[Task item] Your copy should start at the line with "Bento 2 contents" and end at the line with "컬리 파트너스 BODY 이미지" in the data below. Transcribe only those lines, exactly, pictures excluded.

[Input material]
# # #

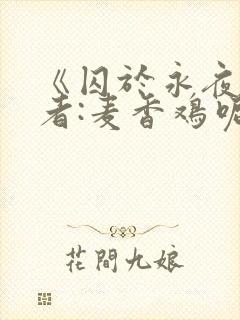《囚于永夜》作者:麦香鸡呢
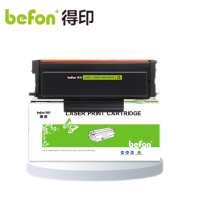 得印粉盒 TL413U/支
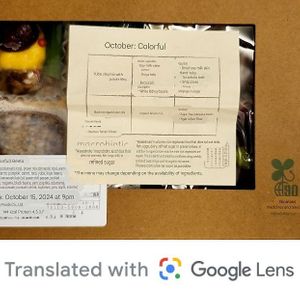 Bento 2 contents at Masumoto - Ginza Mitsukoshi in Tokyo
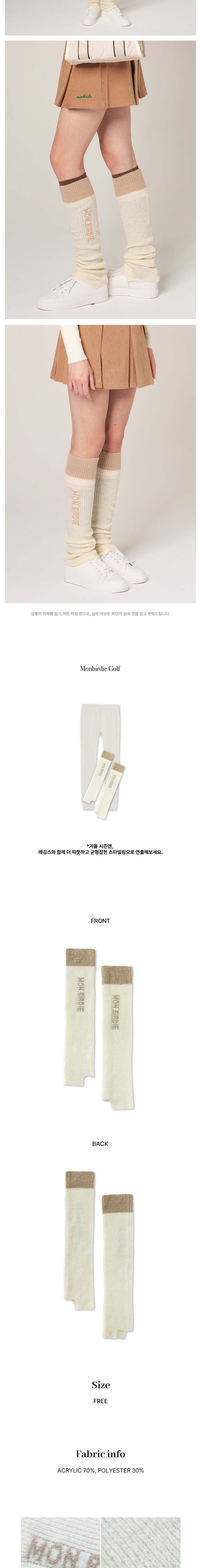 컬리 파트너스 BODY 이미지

# # #

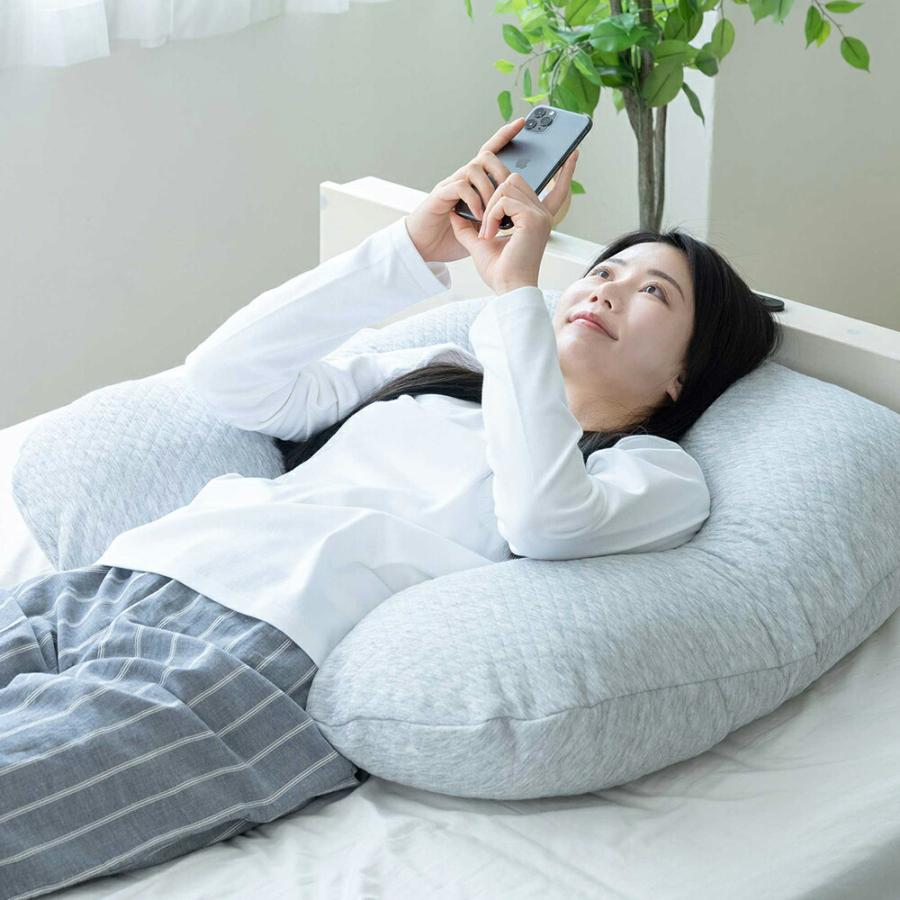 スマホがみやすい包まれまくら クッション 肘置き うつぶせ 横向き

# # #

[Exercise solution]
 Bento 2 contents at Masumoto - Ginza Mitsukoshi in Tokyo
 컬리 파트너스 BODY 이미지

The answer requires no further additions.